Provided entries -

::::::::

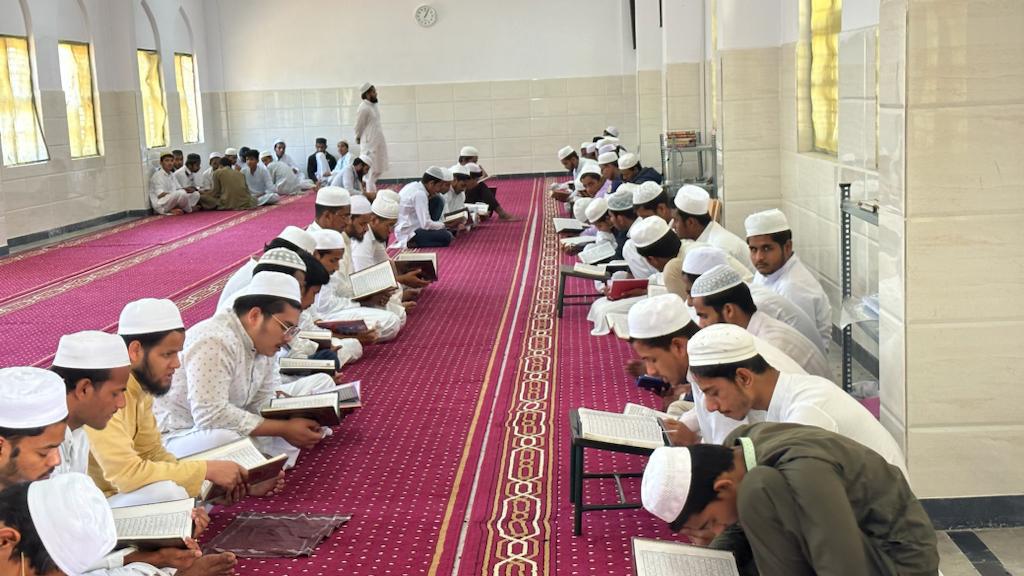 Daily Quran Reading and Memorising Class for Students under Instructor (Aalim)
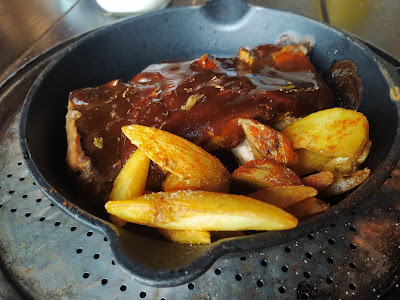 Probando las mejores Costillas de Manizales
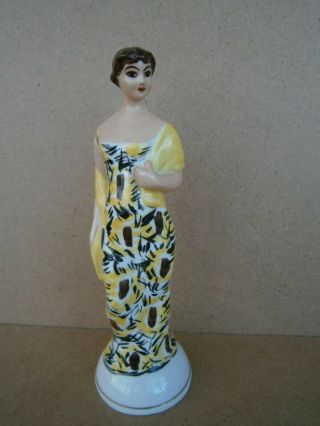 Vintage Steatyt Zb Poland Porcelain Figure Lady W/ Yellow Scarf Hand Painted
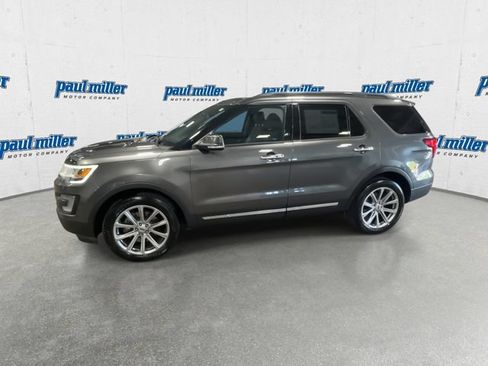 Used 2017 Ford Explorer Limited AWD/4WD image 6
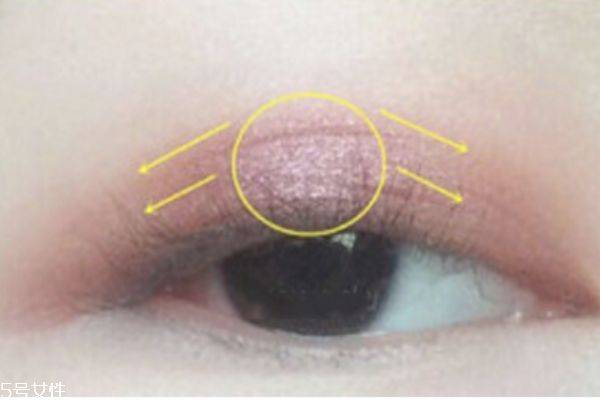自然眼线的画法步骤图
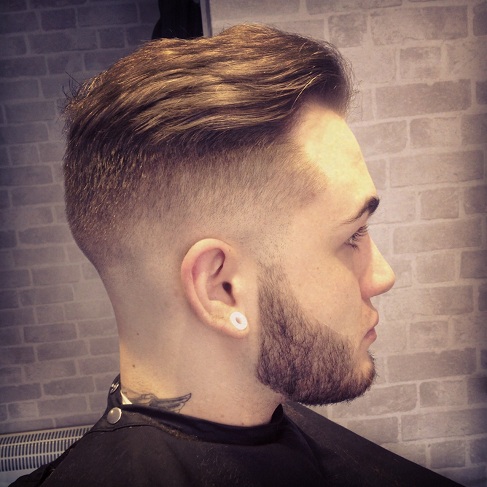 Lang Fohawk med High Undercut Fade og skæg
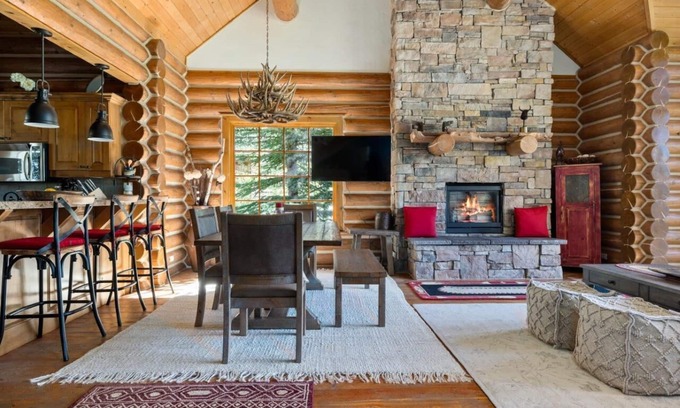 Victor Cabin | Cozy cabin with quiet workspaces and national forest views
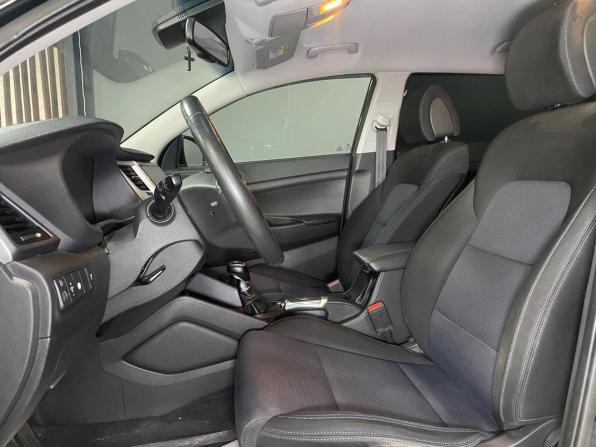Hyundai Tucson III с пробегом 2016 года, цена 1 860 000 рублей, 203322 км, внедорожник, Автокод Объявления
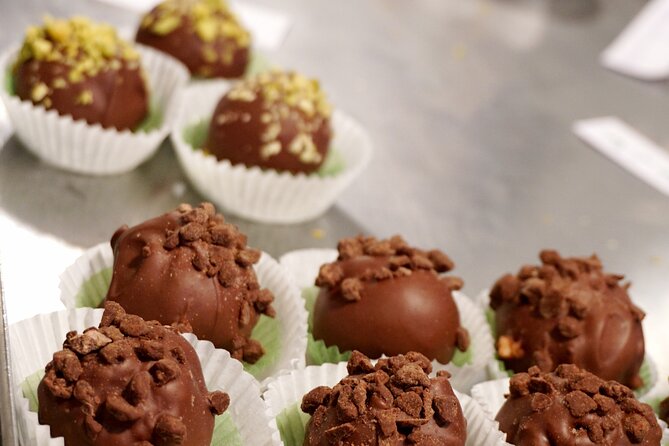 Vienna Coffee, Cake & Pastries Tour with Local Stories - Pace, Portion Size, and What to Bring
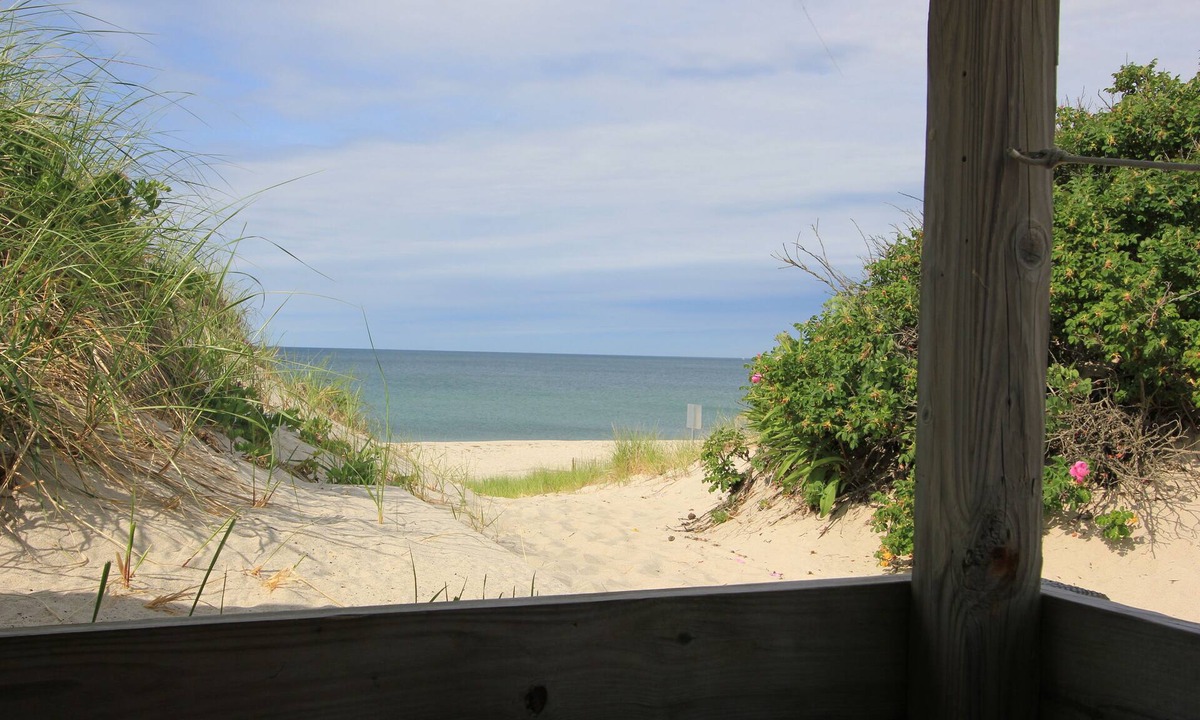 East Sandwich Cottage | Oceanside 3 - Waterfront escape at East Sandwich Beach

::::::::

Directions -
Only the pictures in the listing above get left out; print everything else exactly.

Exercise answer -
 Daily Quran Reading and Memorising Class for Students under Instructor (Aalim)
 Probando las mejores Costillas de Manizales
 Vintage Steatyt Zb Poland Porcelain Figure Lady W/ Yellow Scarf Hand Painted
 Used 2017 Ford Explorer Limited AWD/4WD image 6
自然眼线的画法步骤图
 Lang Fohawk med High Undercut Fade og skæg
 Victor Cabin | Cozy cabin with quiet workspaces and national forest views
Hyundai Tucson III с пробегом 2016 года, цена 1 860 000 рублей, 203322 км, внедорожник, Автокод Объявления
 Vienna Coffee, Cake & Pastries Tour with Local Stories - Pace, Portion Size, and What to Bring
 East Sandwich Cottage | Oceanside 3 - Waterfront escape at East Sandwich Beach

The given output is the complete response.